As companies race to adopt AI coding assistants, security leaders are sounding the alarm over lack of visibility and management, according to a new survey.
Cycode asked 400 CISOs and cybersecurity professionals about how their team was dealing with product security risks in the age of AI.
They found that for security leaders, AI generated code vulnerabilities and AI tools are now a top security priority, ranked above supply chain risks, secrets in code, and cloud misconfigurations.
Every security leader surveyed said they were planning to increase their investments in AI security controls in response to these fears.
Despite the concerns, use of AI code shows no sign of slowing down. 100% of organizations are using AI code in their codebase, and 97% of respondents said they were using or testing out AI code generation tools.
In fact, almost 1/3 of respondents said that AI was now generating the majority of code within their organizations. Productivity gains, improved quality, and faster time to market were all cited as reasons for adoption.

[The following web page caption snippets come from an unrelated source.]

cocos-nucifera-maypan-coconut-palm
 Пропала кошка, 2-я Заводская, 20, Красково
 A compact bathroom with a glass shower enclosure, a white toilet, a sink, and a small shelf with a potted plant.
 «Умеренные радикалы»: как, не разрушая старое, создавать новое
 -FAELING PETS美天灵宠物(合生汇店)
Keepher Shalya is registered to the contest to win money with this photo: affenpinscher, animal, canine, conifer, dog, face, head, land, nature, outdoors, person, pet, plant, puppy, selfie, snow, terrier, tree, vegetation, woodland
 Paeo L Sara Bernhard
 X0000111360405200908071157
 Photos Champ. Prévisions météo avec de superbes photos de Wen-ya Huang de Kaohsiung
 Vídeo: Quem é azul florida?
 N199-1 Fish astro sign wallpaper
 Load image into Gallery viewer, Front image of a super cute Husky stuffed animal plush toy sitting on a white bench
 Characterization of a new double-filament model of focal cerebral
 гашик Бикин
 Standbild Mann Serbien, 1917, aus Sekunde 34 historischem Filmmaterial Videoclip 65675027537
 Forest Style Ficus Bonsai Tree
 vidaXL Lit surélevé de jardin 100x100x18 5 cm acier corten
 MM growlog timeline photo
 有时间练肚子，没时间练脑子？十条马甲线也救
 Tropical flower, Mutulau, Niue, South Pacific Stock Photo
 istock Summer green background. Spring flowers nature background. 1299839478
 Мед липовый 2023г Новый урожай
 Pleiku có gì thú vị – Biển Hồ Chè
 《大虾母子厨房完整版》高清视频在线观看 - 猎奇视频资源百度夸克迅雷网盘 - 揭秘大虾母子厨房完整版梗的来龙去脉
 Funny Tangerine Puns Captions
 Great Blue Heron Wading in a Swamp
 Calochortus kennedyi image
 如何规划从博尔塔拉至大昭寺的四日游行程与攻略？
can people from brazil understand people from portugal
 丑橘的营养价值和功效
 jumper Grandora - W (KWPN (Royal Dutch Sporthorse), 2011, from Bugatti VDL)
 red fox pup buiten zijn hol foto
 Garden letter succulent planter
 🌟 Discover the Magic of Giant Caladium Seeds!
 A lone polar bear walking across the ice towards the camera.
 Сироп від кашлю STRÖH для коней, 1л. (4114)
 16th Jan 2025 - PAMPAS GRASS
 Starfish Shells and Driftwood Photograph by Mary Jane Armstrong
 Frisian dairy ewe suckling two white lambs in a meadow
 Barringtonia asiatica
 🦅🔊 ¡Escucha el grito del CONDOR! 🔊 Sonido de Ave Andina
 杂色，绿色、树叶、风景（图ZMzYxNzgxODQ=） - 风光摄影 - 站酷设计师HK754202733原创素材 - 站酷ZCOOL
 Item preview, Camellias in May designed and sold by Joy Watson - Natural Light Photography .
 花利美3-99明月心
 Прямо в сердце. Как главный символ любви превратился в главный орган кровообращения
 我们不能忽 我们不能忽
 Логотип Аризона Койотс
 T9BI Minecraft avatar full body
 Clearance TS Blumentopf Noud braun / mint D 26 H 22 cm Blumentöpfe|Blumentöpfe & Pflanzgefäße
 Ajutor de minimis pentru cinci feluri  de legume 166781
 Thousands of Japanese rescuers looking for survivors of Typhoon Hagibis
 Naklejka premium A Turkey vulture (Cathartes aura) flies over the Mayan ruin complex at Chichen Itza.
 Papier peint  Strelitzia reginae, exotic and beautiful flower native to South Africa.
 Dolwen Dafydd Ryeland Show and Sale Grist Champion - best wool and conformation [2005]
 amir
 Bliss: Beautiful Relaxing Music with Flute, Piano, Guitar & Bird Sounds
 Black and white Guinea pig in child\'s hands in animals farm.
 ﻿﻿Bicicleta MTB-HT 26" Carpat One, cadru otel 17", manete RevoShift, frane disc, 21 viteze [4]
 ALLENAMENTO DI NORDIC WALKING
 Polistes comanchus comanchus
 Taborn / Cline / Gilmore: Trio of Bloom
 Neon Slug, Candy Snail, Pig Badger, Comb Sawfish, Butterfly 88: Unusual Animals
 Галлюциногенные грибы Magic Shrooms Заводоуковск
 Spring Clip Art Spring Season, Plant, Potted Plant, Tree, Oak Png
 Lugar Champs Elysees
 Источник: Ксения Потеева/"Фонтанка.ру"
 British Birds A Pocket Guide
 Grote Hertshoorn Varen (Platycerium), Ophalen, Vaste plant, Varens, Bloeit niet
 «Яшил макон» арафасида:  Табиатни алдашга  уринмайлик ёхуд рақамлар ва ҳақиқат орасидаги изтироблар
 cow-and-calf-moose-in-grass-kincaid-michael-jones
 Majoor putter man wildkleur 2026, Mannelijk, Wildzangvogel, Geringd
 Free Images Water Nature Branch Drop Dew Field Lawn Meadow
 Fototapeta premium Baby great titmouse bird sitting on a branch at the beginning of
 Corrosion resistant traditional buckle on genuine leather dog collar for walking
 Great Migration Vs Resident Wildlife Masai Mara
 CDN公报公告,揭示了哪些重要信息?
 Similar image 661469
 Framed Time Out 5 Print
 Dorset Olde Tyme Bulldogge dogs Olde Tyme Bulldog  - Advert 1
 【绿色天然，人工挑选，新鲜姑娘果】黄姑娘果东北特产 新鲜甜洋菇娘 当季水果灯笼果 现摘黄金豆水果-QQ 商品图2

As this adoption continues, the visibility gap between AI adoption and AI management is growing.
81% of security leaders said they feel that they lack visibility into AI use, with 65% saying that they feel they are more at risk when using AI.
Cycode has called this ‘Shadow AI’ – meaning AI tools that have been implemented without security controls or oversight.
Less than half (48%) of the leaders surveyed had a formal AI governance framework in place to track Shadow AI.
This blind spot can introduce risks via prompt engineering, poor quality code containing vulnerabilities, or data leakage if developers are using unmanaged AI code generators.
The survey found that 100% of the security leaders surveyed plan to invest more budget in AI-related security initiatives over the next 12-months.
Nonetheless, Cycode warns that a supply chain attack targeting Shadow AI is likely to take place in the near future.
“The findings make it clear: AI development is no longer a future trend; it is today’s reality. As security struggles to keep pace with this rapid adoption, the stage is set for a significant supply chain breach, with Shadow AI as the attack vector,” said Lior Levy, CEO and Co-Founder of Cycode.
Securing against Shadow AI risks will require improved visibility, policies and controls, Devin Maguire, Senior Product Marketing Manager, Cycode tells Expert Insights.
“The visibility challenge is pervasive but foundational. Organizations need ways to detect and inventory AI technologies, especially when those technologies are used in the Software Development Lifecycle.”
“Second, they need policies to provide guardrails and direction for AI adoption. The goal is not to slow adoption but rather to enable responsible use. Finally, organizations need controls in place to manage and enforce those policies.”
“With these three core elements, you can govern AI with clearly defined policies, detect AI technologies that violate those policies, and enforce controls to keep pace with rapid and ubiquitous AI adoption.”